Amazonで詳しく見る by G-Tools

 『DIAMONDハーバード・ビジネス・レビュー』2012年8月号のレビューは今回で最後。

=-=-=-=-=-=-=-=-=-=-=-=-=-=-=-=-=-=-=-=-=-=-=-=-=-=-=-=-=-
過去の失敗にも技術やアイデアの種がある 低予算イノベーションのすすめ(ランス・A・ベッテンコート、スコット・L・ベッテンコート)
 先日の記事「マーケティングも、ソーシャルメディアを使ったコミュニケーションに限定されてはならない―『イノベーション実践論(DHBR2012年8月号)』」でも触れた論文。先日の記事で紹介した部分とは違う箇所を引用。
 企業は最も要求が厳しい顧客にイノベーションの焦点を合わせる傾向がある。そのニーズに応えるため、よりよいパフォーマンスを提供できる次世代の製品・サービスを導入する。だが、その途中で奇妙な現象が起こる。
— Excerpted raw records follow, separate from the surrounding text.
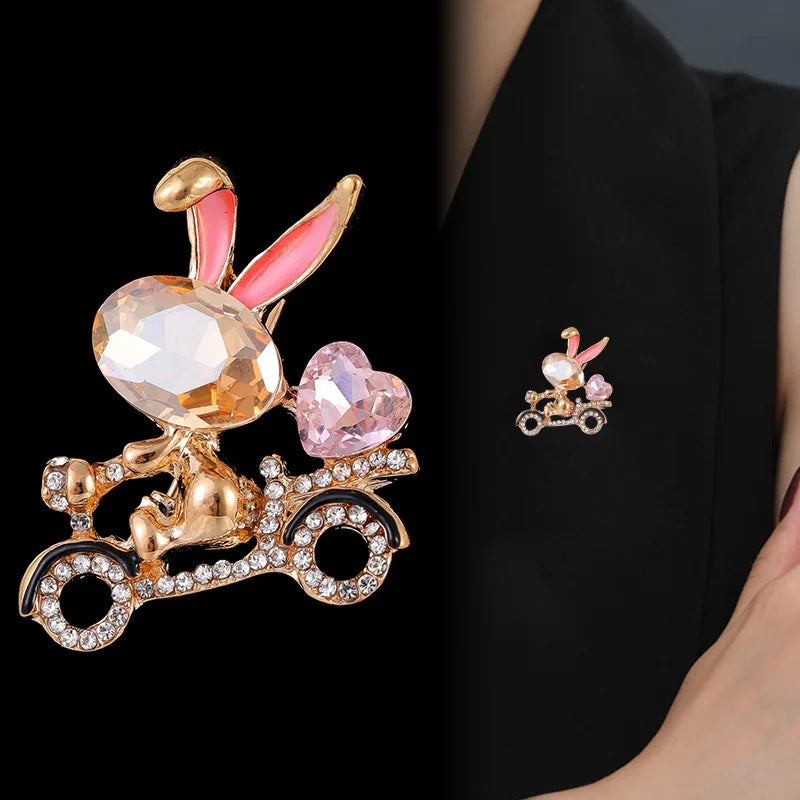 Fashion Rabbit Glitter Sparking Rhinestone Brooches for Girls Sweet Elegant Stylish Pins Jewelry for Women Ladies Accessories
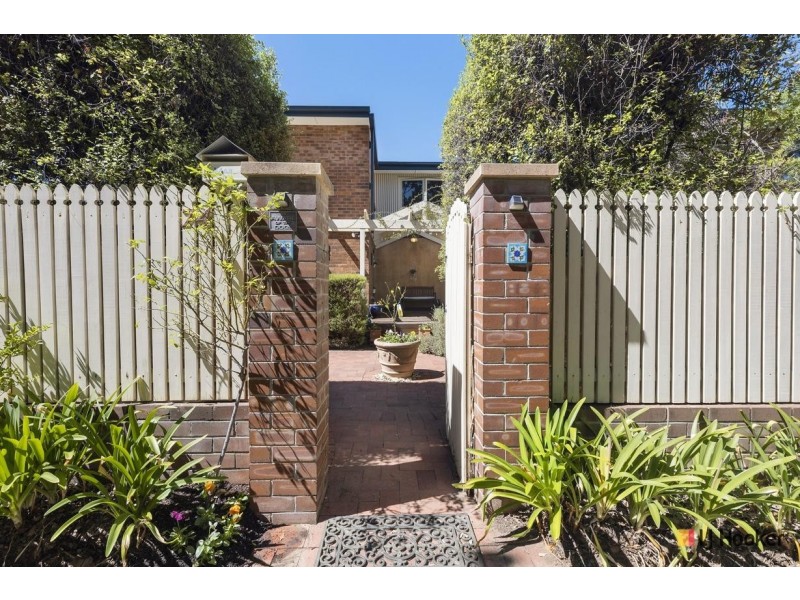 74 Majura Avenue, Ainslie ACT 2602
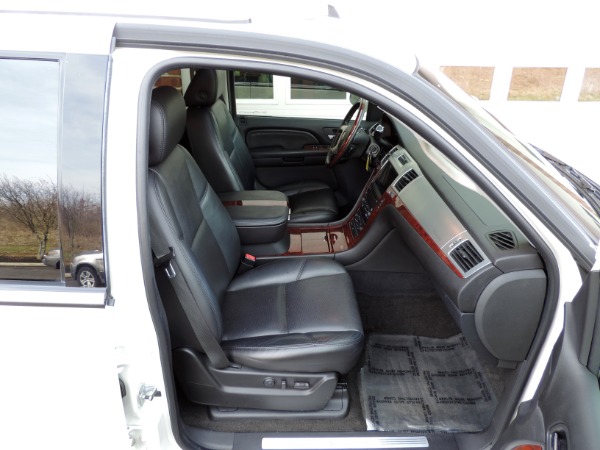 Used-2007-Cadillac-Escalade-EXT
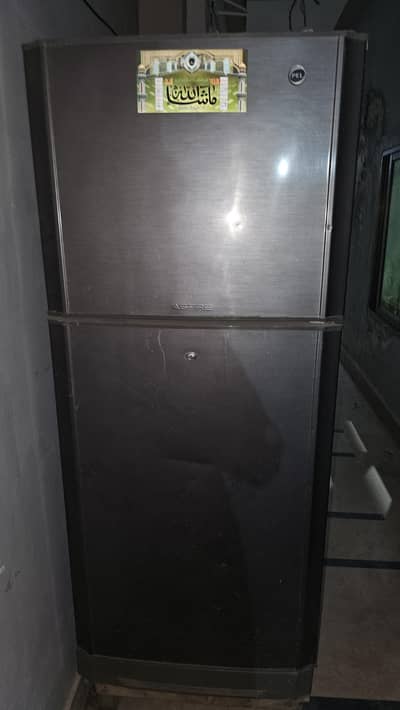 Pel Aspire 14 cu ft Refrigerators condition 9/10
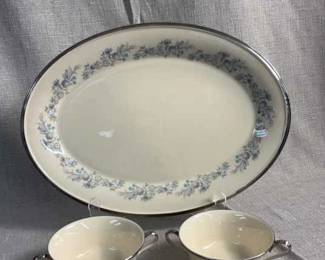 LENOX Serving Platter And 2 Serving Bowls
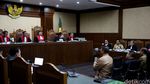 Aguan Bersaksi di Sidang Sanusi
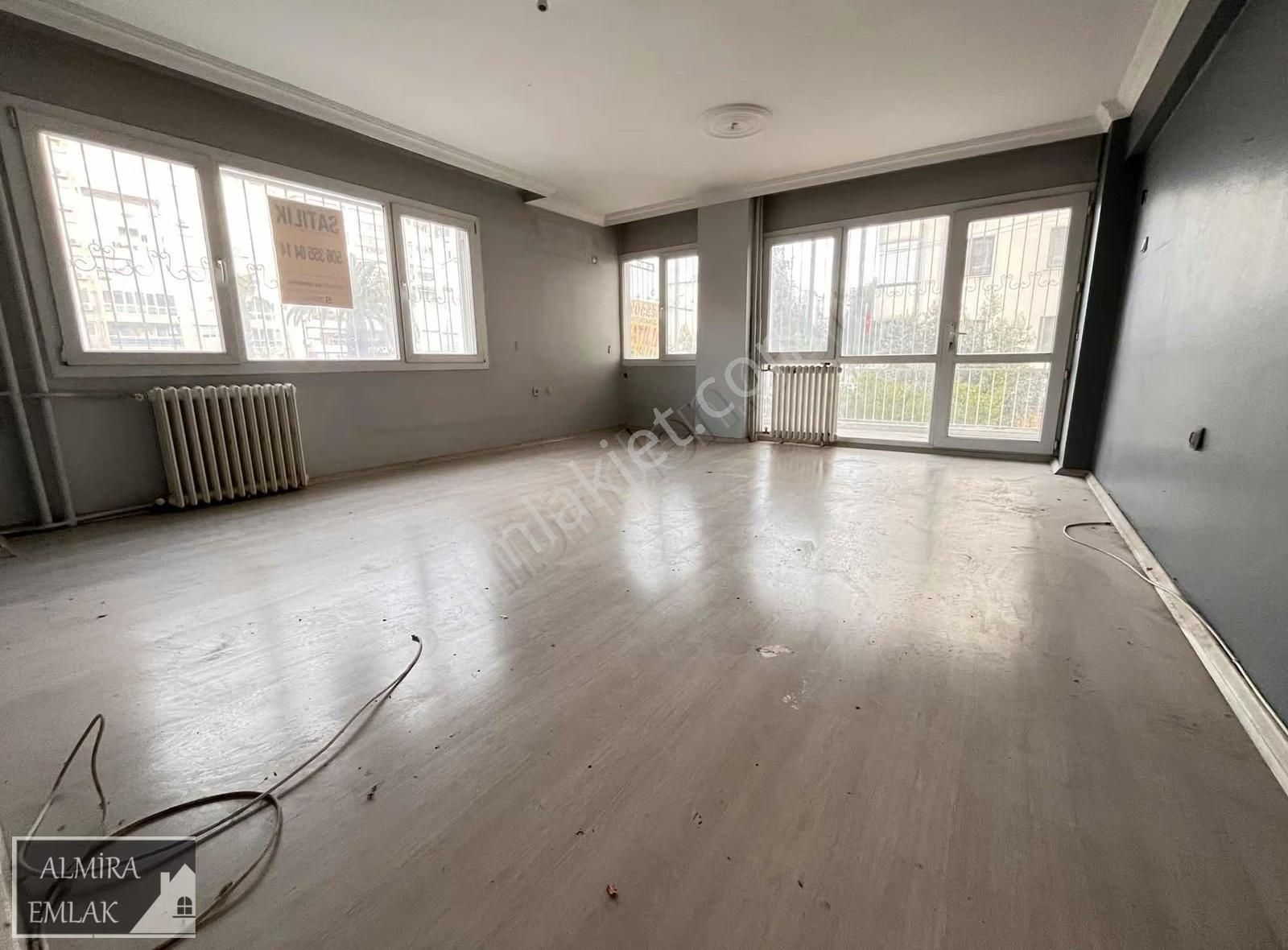 Üçyol Meydan Metro Yakını Cadde Binasında 3+1 Köşe Dairea - Görsel 22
最先端の製品・サービスが過剰設計となってしまい、多くの人々にとって価値が下がり始めるのである。

 そうした状況では、要求があまり厳しくない顧客向けに製品の機能を減らし、ハーバード・ビジネス・スクール教授のクレイトン・クリステンセンが言う「十分によい」製品をつくることで、企業は掌中のイノベーションの機会を見出すことができる。(中略)この戦略は好況時にも有効だが、景気が低迷し、顧客が出費を削ろうとする時期に、特に効果を発揮する。
=-=-=-=-=-=-=-=-=-=-=-=-=-=-=-=-=-=-=-=-=-=-=-=-=-=-=-=-=-
製造プロセスでの効率性は通用しない 製品開発をめぐる6つの誤解(ステファン・トムク、ドナルド・ライナーセン)
 企業が慣れ親しんでいるのは、製造や取引処理のような、変化に乏しく突発的な出来事などが起きない、繰り返しの多い業務である。このような業務は、リソース稼働率が上がっても粛々と作業が進む。業務量が5%増えれば、完了までの所要時間も5%伸びる。

 しかし、非定型の業務プロセスでは事情がまったく異なる。稼働率が向上するにつれて、所要時間が劇的に延びてしまうのだ。業務量を5%上積みしただけで、所要時間は100%も伸びかねない。
 著者が待ち行列理論に基づいて分析した結果によると、製品開発のような非定型プロセスでは、稼働率が80%から90%に上昇すると待ち時間が2倍以上になり、稼働率が90%から95%に上昇するとまたも倍増するという。『人月の神話』ではないが、面白い分析結果だと感じた。

人月の神話人月の神話
フレデリック・P・ブルックス Jr. 滝沢 徹

ピアソン桐原 2010-12-14

Amazonで詳しく見る by G-Tools

 もう1つ印象に残った箇所を引用。
 製品開発チームは、「機能を増やすと顧客価値が高まり、減らすと顧客価値を台無しにする」と信じ込んでいるようである。そのせいで複雑きわまりない製品ができてしまう。(中略)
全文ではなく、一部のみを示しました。